Collected data
--
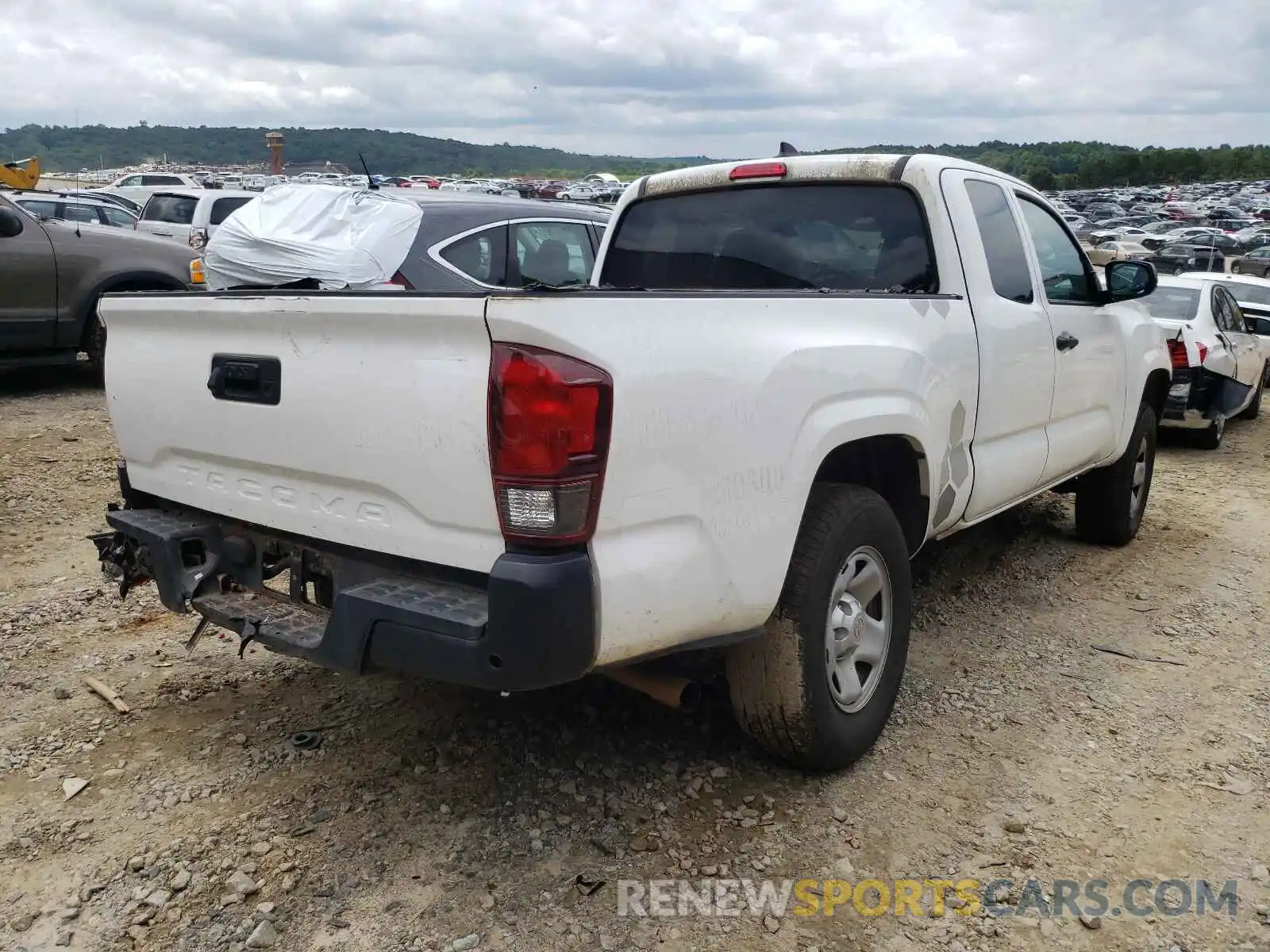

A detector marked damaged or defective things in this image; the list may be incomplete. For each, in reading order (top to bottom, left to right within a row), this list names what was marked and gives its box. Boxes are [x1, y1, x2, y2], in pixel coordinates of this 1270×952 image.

damaged vehicle [1143, 274, 1270, 451]
damaged rear bumper [91, 463, 597, 689]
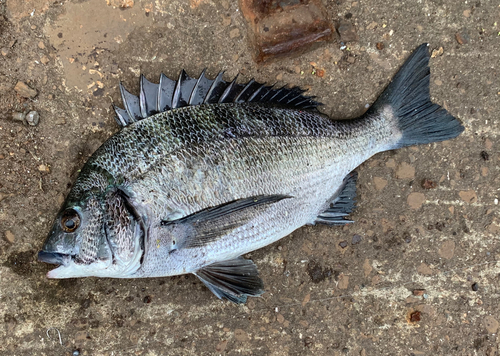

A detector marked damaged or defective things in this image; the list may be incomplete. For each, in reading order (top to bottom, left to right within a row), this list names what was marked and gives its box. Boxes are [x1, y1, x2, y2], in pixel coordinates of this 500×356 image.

rusty metal object [239, 0, 334, 62]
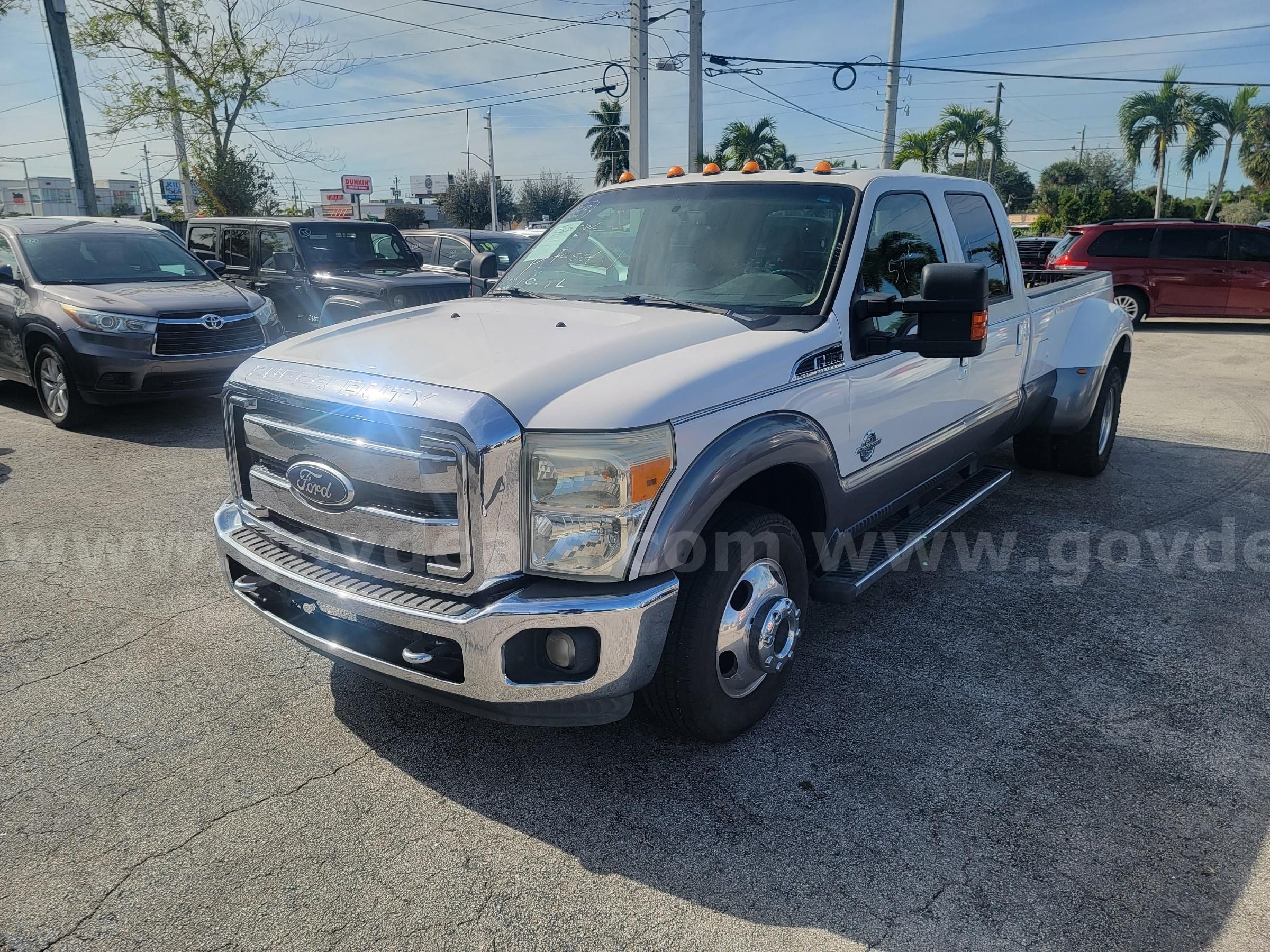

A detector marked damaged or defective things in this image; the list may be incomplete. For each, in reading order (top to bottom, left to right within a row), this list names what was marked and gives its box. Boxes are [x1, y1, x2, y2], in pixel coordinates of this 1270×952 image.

cracked asphalt [2, 324, 1270, 948]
--
ACTIVITY: Since only the text is needed, retype the data above exactly and omit the pictures.

ANSWER FOR THIS EXERCISE:
A detector marked damaged or defective things in this image; the list may be incomplete. For each, in reading order (top to bottom, left to right within a row), this list names what was marked and gives its box. Boxes are [x1, y1, x2, y2], in pixel coordinates of this 1270×952 image.

damaged vehicle [1143, 274, 1270, 451]
damaged rear bumper [91, 463, 597, 689]

A detector marked damaged or defective things in this image; the list may be incomplete. For each, in reading order (top to bottom, left to right within a row), this list names what was marked and gives its box. Boxes are [x1, y1, x2, y2], in pixel coordinates of this 500×356 image.

rusty metal object [239, 0, 334, 62]

A detector marked damaged or defective things in this image; the list may be incomplete. For each, in reading order (top to bottom, left to right within a row), this list names what was marked and gives its box. Boxes are [x1, y1, x2, y2], in pixel coordinates of this 1270×952 image.

cracked asphalt [2, 324, 1270, 948]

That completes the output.